According to RBC analyst Steven Cahall, a survey of 1,200 US consumers found that just 55% will definitely continue to subscribe to traditional pay-TV. Extrapolating to the total population of 124 million American households, it means that subscriptions could drop from 86 million pay-TV homes to 68 million.
This “implies subscriber declines still have lots of potential downside,” Cahall wrote in a report obtained by Variety.
Skinny bundles will be a big part of that downside, potentially. The survey found that 21% of existing cable, satellite or telco TV customers were considering switching to a service like Sling TV or DirecTV Now.

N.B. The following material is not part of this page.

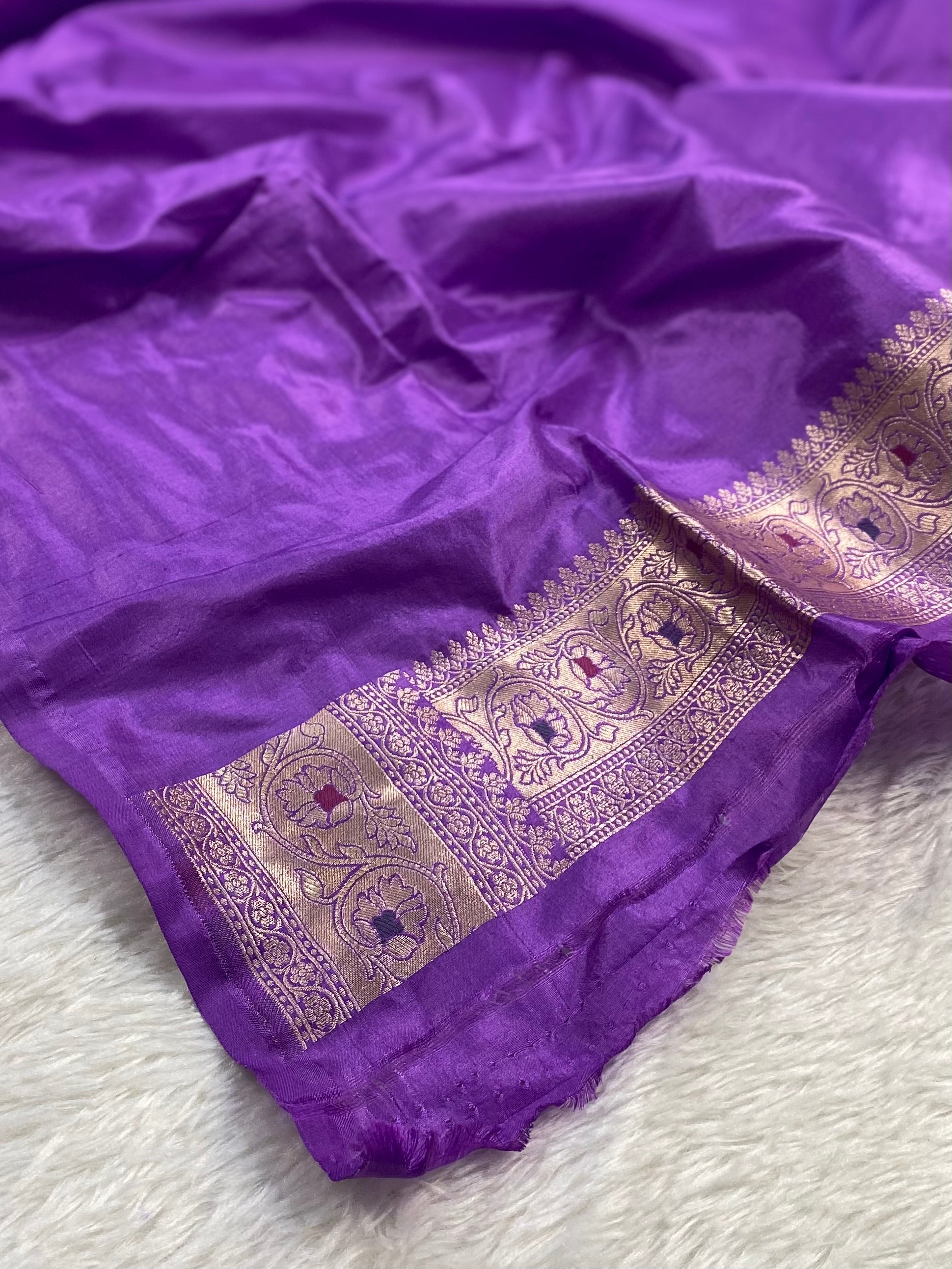Purple Pure Banarasi Silk Saree – Meenakari Jaal | Authentic Banaras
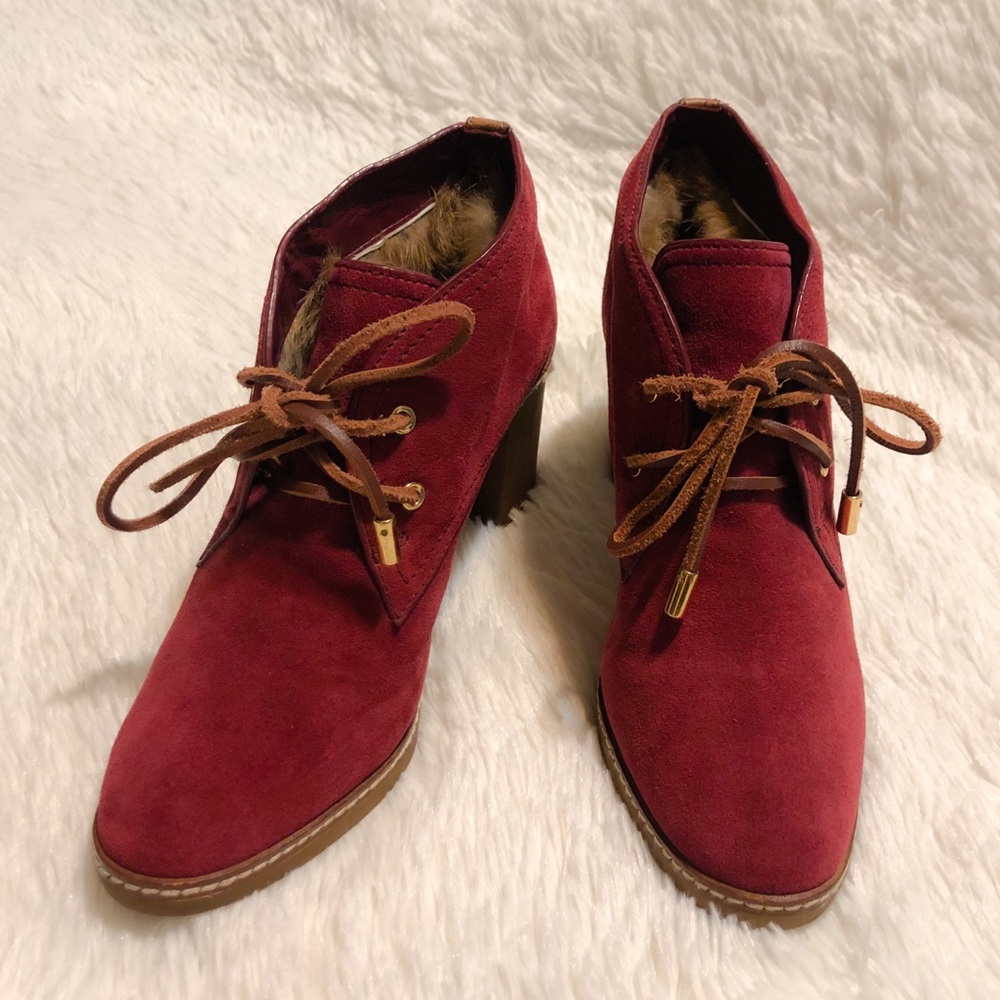 TORY BURCH Hilary Suede Leather Booties.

“While they don’t necessarily save consumers much money, [internet pay-TV services] do provide more flexibility on cost due to the month-to-month arrangement, have lower switching costs between similar services and avoid much-hated ‘hidden fees’ like set-top box rental and [regional sports networks],” the RBC analyst noted.
Cahall added: “We broadly conclude that customers feel like they ‘get what they pay for’ on [virtual pay-TV services] vs a perceived mistrust about the true cost of cable.”

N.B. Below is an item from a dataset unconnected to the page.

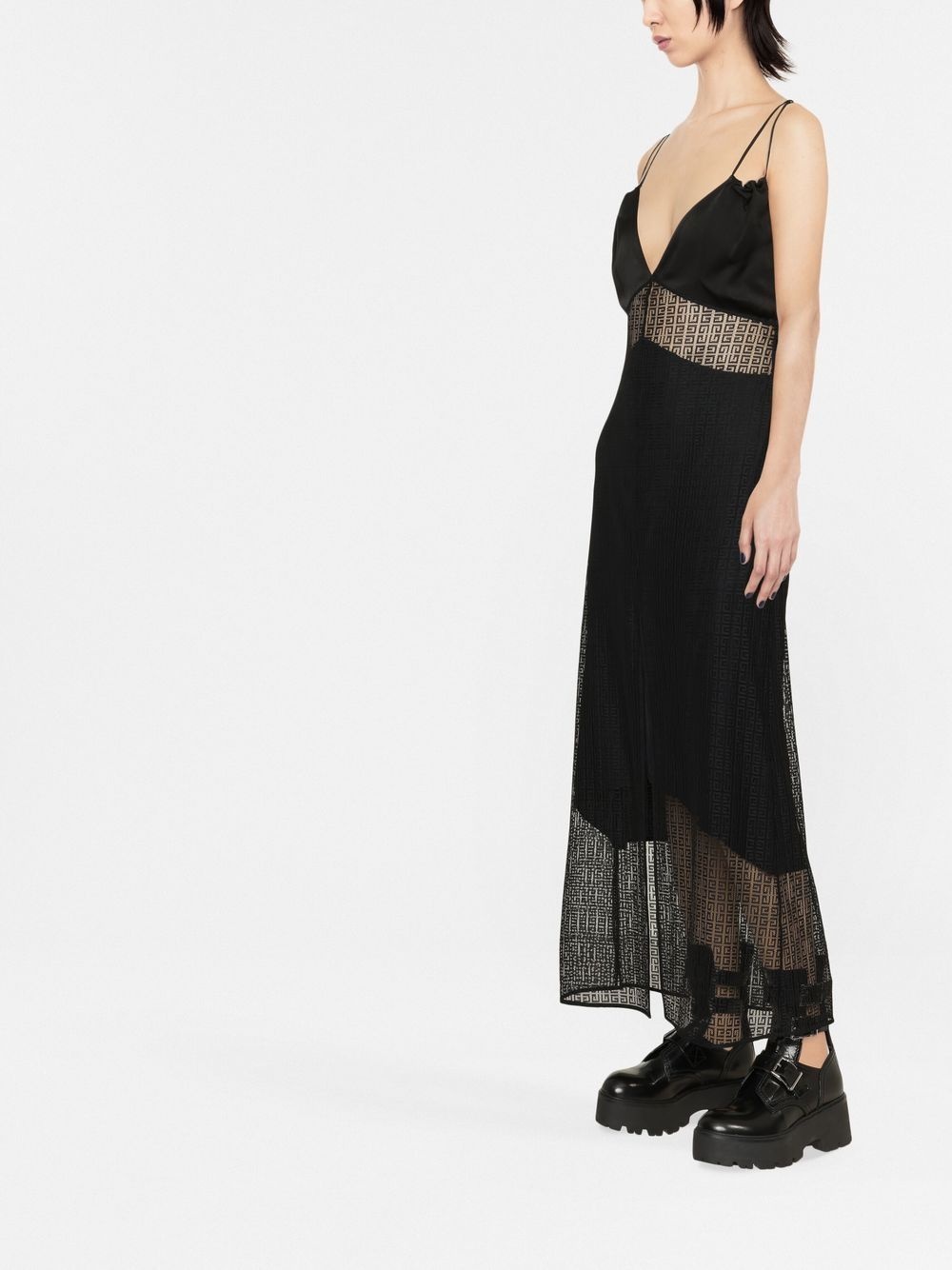 4G-motif semi-sheer maxi dress - 3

About half (48%) of respondents said access to sports wasn’t important — sports being a major driver for linear TV packages. Broadcast fared worse: only a quarter (23%) said broadcast networks were the most important content or platform to them.
The study also showed that subscription VOD continues to complement traditional pay-TV: 72% of respondents subscribe to (or use) an SVOD or over-the-top service. Netflix was the most popular, with 61% of respondents saying they’re subscribers, followed by Amazon Prime Video (41%), Hulu (18%), HBO Now (13%), Showtime (4%) and CBS All Access (3%).
All of this has big implications for advertising, of course.
“We conclude that a ratio [of virtual pay-TV subscriber adds] that favours cannibalistic over incremental [growth] is modestly negative for media,” Cahall concluded.